» **EXERCISE DATA**:
════════════════════
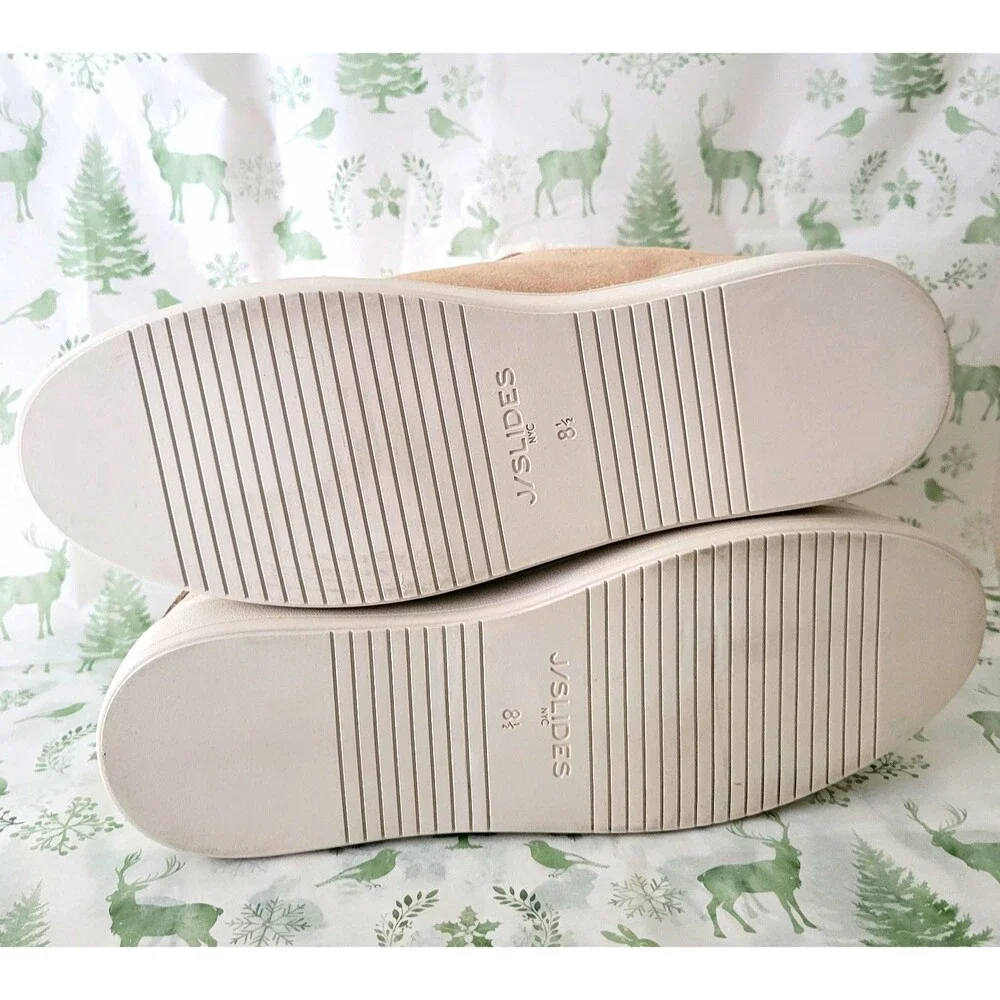 J/SLIDES description cozy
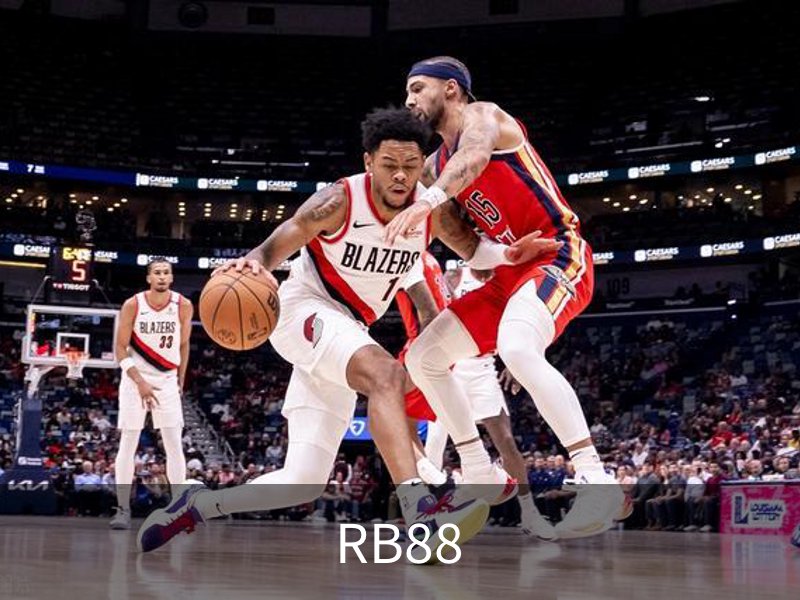 走进RB88
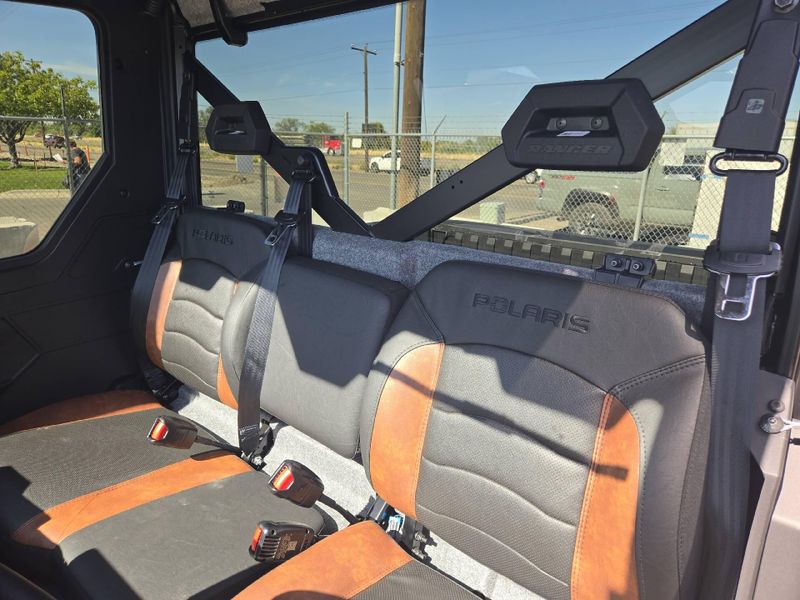 New 2027 Polaris RANGER XP 1000 NORTHSTAR ULTIMATE 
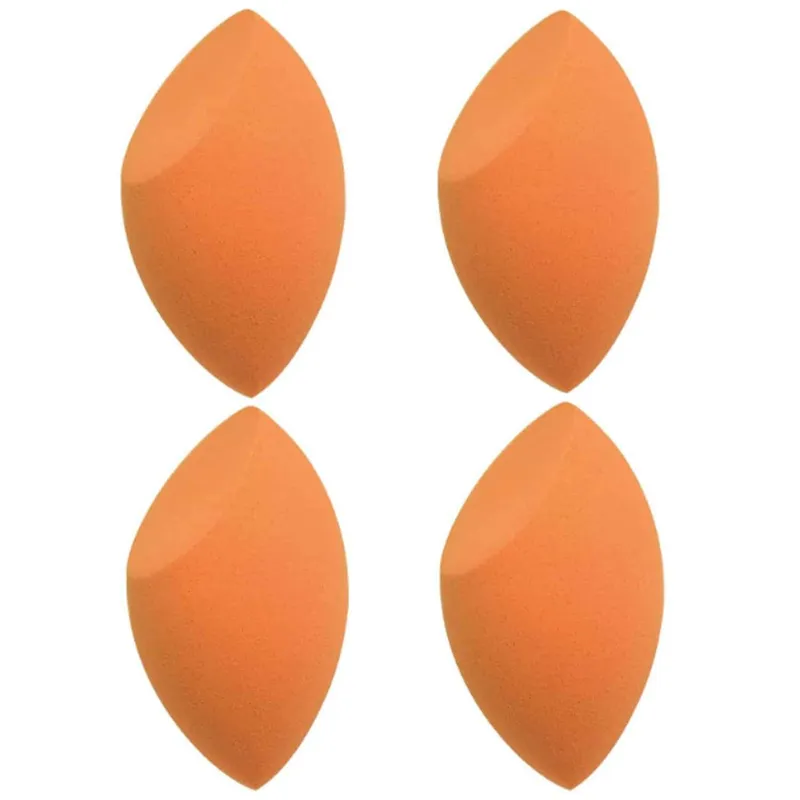Alternativ bild 0 för Real Techniques - 4 PAK Miracle Complexion Sponge 91553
════════════════════
» **WHAT TO DO**:
Return the material above exactly; the images stay out.

» **WRITTEN RESPONSE**:
 J/SLIDES description cozy
 走进RB88
 New 2027 Polaris RANGER XP 1000 NORTHSTAR ULTIMATE 
Alternativ bild 0 för Real Techniques - 4 PAK Miracle Complexion Sponge 91553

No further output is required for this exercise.